(INPUT DATA Opens)
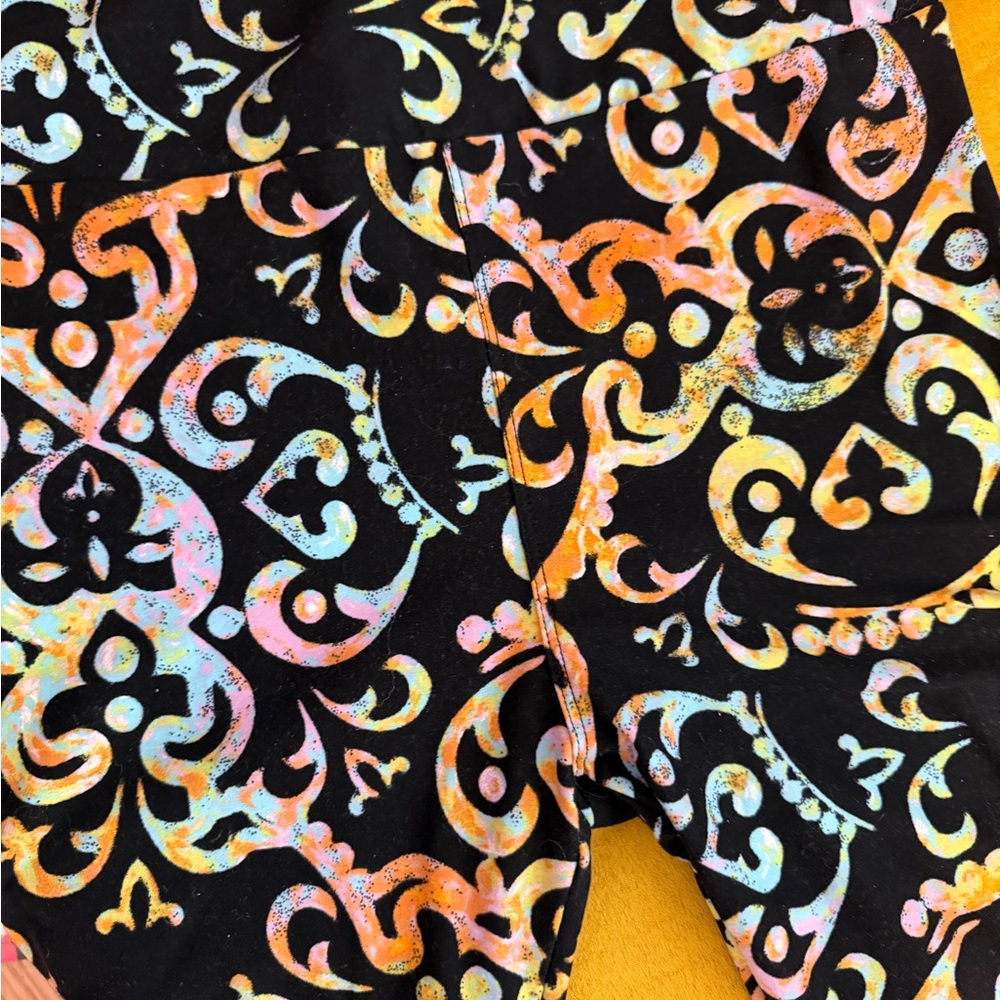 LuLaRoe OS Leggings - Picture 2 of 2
(INPUT DATA Closes)
(INPUT DATA Opens)
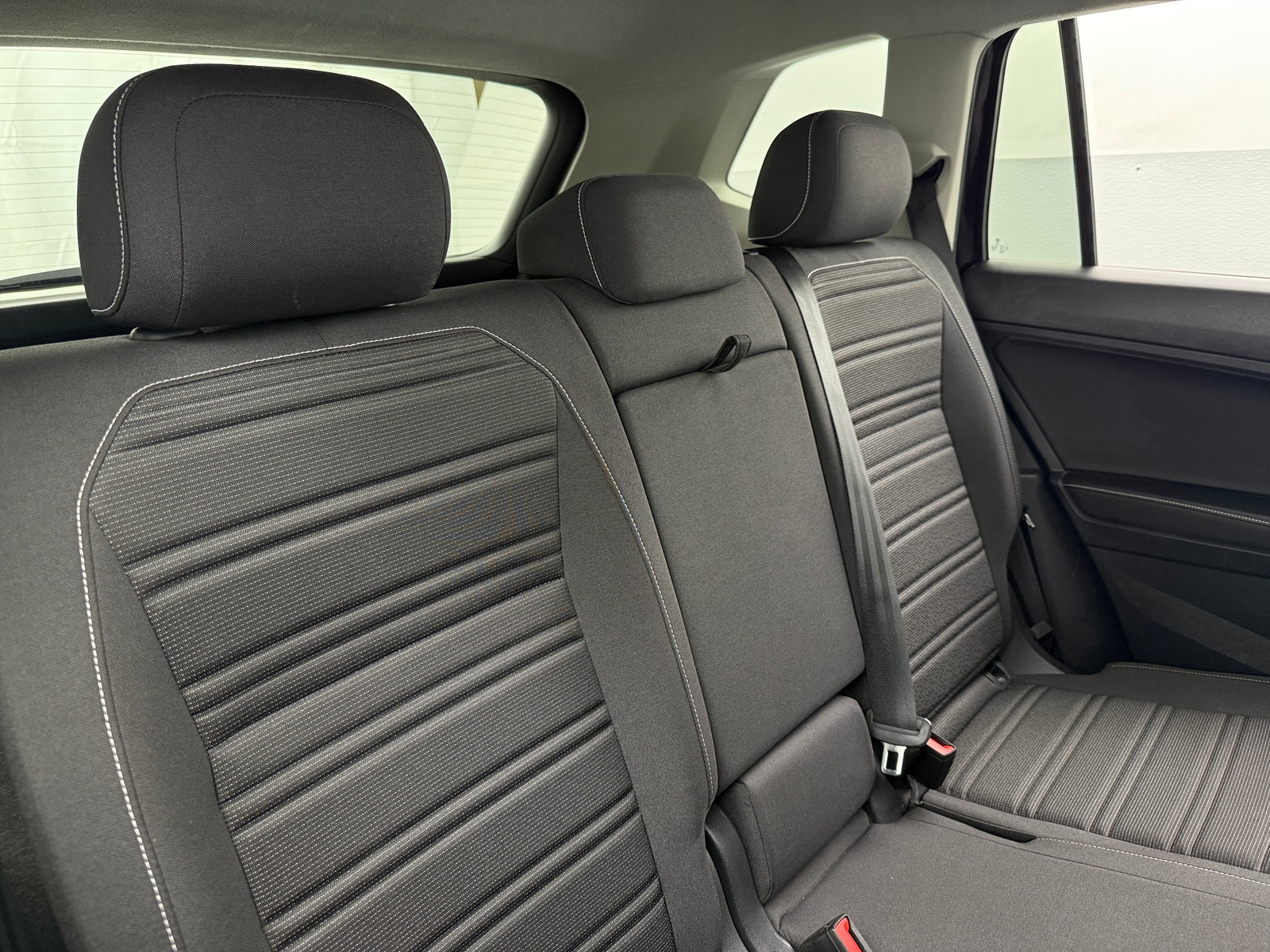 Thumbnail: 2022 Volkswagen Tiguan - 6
(INPUT DATA Closes)
(INPUT DATA Opens)
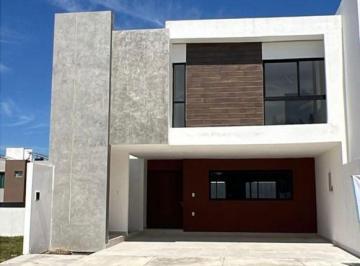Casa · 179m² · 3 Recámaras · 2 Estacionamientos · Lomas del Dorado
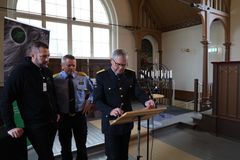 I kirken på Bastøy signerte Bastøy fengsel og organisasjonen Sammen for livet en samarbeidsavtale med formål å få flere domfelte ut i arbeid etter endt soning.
(INPUT DATA Closes)
WHAT THE TASK REQUIRES
Transcribe only this stretch of the data: the line with "Casa · 179m²", the line with "I kirken på", and every line in between. Leave out the pictures.

WRITTEN RESPONSE
Casa · 179m² · 3 Recámaras · 2 Estacionamientos · Lomas del Dorado
 I kirken på Bastøy signerte Bastøy fengsel og organisasjonen Sammen for livet en samarbeidsavtale med formål å få flere domfelte ut i arbeid etter endt soning.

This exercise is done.